Erric Permana
12 Desember 2017•Update: 13 Desember 2017
Erric Permana
JAKARTA
Presiden RI Joko Widodo menilai pesta demokrasi atau pertarungan politik di Indonesia bisa meningkatkan konsumsi dan pertumbuhan ekonomi.
Dia menyarankan para pengusaha agar tidak perlu khawatir terhadap kondisi perekonomian Indonesia pada Pilkada 2018 dan Pemilu 2019.
"Menurut saya, kontestasi politik 0,2-0,3 persen itu justru ada belanja spanduk, kaos, sembako, justru naik," ujar Joko Widodo saat menghadiri acara Sarasehan 100 Ekonom di Jakarta, pada Selasa.
Menurut dia kontestasi politik di Indonesia dipastikan aman dan berjalan baik. Aktivitas ekonomi pun kata dia tidak akan terganggu.
"Dan ingat bahwa ini bukan pertama kali Indonesia menjalankan pilkada serentak, dan bukan pertama kali Pemilu diadakan di negara kita," tambah dia
Bahkan, kata dia, pasca Pilkada dan Pemilu yang telah usai, pertumbuhan ekonomi Indonesia meningkat.
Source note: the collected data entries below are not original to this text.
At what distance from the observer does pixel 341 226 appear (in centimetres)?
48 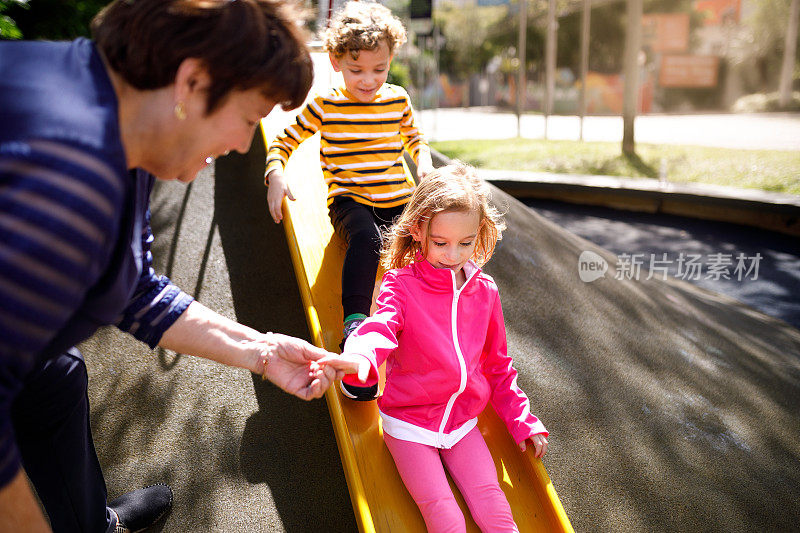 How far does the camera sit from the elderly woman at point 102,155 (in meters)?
1.00

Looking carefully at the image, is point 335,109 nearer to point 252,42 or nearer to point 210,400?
point 210,400

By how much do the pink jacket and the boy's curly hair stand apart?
115 cm

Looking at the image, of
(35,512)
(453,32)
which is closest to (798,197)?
(35,512)

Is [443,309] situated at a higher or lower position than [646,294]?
higher

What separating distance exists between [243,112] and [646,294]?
3.78 meters

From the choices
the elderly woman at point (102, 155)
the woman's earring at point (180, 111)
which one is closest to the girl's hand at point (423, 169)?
the elderly woman at point (102, 155)

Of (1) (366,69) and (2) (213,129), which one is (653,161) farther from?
(2) (213,129)

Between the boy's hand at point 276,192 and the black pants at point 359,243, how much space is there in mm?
396

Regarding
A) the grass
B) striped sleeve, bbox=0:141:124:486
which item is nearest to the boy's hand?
striped sleeve, bbox=0:141:124:486

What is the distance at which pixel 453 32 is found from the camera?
137 feet

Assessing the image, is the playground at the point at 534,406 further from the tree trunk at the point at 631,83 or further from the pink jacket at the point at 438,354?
the tree trunk at the point at 631,83

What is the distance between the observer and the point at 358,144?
3277 mm

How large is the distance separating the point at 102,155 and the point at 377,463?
5.25ft

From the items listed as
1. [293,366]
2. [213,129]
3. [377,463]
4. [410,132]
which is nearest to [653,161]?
[410,132] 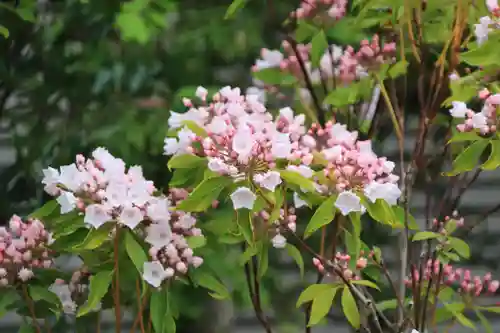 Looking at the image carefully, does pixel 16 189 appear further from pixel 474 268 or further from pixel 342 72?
pixel 474 268

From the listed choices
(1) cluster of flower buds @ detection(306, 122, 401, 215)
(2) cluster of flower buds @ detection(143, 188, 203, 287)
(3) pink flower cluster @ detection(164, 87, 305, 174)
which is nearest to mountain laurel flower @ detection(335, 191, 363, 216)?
(1) cluster of flower buds @ detection(306, 122, 401, 215)

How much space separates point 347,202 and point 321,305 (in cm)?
23

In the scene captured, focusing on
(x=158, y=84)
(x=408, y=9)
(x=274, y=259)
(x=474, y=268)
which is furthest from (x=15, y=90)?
(x=474, y=268)

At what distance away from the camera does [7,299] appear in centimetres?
144

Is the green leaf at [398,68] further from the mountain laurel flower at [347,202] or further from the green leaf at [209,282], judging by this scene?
the green leaf at [209,282]

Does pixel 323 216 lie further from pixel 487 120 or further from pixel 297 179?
pixel 487 120

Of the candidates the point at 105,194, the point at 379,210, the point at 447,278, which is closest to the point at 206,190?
the point at 105,194

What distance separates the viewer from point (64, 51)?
6.84 feet

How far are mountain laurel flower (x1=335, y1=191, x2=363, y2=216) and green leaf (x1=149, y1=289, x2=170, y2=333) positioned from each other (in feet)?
1.27

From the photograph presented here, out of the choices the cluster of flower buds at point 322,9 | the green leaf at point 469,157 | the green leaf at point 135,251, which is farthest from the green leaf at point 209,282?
the cluster of flower buds at point 322,9

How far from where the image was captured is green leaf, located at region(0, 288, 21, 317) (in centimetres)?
143

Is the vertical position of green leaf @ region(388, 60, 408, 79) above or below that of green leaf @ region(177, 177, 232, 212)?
above

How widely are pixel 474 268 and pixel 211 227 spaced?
51.3 inches

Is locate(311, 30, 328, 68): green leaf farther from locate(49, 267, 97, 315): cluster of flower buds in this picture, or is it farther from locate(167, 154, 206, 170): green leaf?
locate(49, 267, 97, 315): cluster of flower buds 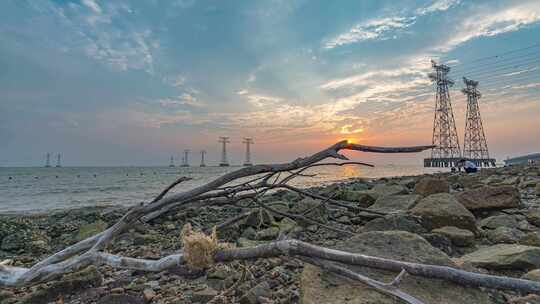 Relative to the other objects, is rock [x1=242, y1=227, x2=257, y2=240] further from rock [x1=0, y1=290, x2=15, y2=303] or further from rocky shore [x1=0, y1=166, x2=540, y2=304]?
rock [x1=0, y1=290, x2=15, y2=303]

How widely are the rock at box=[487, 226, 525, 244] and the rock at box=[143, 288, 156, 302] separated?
469cm

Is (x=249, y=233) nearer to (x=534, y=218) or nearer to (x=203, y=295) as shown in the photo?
(x=203, y=295)

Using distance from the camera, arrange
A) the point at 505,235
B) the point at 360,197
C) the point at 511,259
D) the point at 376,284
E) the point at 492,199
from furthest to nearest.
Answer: the point at 360,197
the point at 492,199
the point at 505,235
the point at 511,259
the point at 376,284

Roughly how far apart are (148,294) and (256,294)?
3.81 ft

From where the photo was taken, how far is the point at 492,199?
6.04 metres

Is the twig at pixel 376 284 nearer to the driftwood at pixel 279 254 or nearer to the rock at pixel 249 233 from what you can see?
the driftwood at pixel 279 254

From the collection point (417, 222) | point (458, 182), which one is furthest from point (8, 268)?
point (458, 182)

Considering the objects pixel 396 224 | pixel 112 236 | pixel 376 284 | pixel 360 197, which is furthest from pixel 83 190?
pixel 376 284

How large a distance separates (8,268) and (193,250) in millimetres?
2240

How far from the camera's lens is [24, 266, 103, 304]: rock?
3.06 m

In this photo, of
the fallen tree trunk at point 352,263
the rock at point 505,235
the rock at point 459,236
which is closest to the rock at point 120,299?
the fallen tree trunk at point 352,263

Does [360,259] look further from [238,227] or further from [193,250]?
[238,227]

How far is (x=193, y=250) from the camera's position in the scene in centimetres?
204

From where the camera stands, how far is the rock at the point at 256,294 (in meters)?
2.60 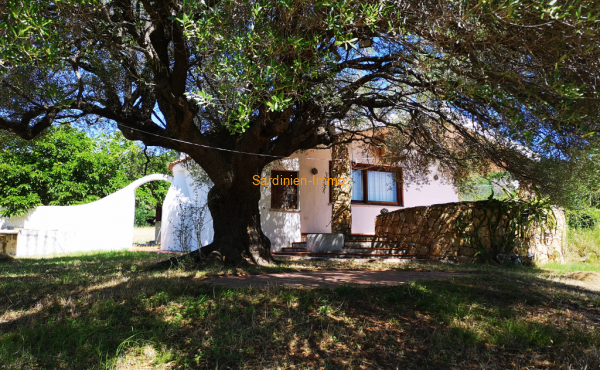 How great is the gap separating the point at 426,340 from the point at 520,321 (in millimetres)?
1209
Berdasarkan survei yang dilakukan lembaga internasional, peringkat kemudahan berbisnis Indonesia meningkat.
"Daya saing global meningkat dari 41 menjadi 36 dari 137 negara, peringkat EODB yang terus saya kejar terus, meningkat [dari] 2014 [di peringkat] 120, tahun ini meloncat menjadi 72," pungkas dia.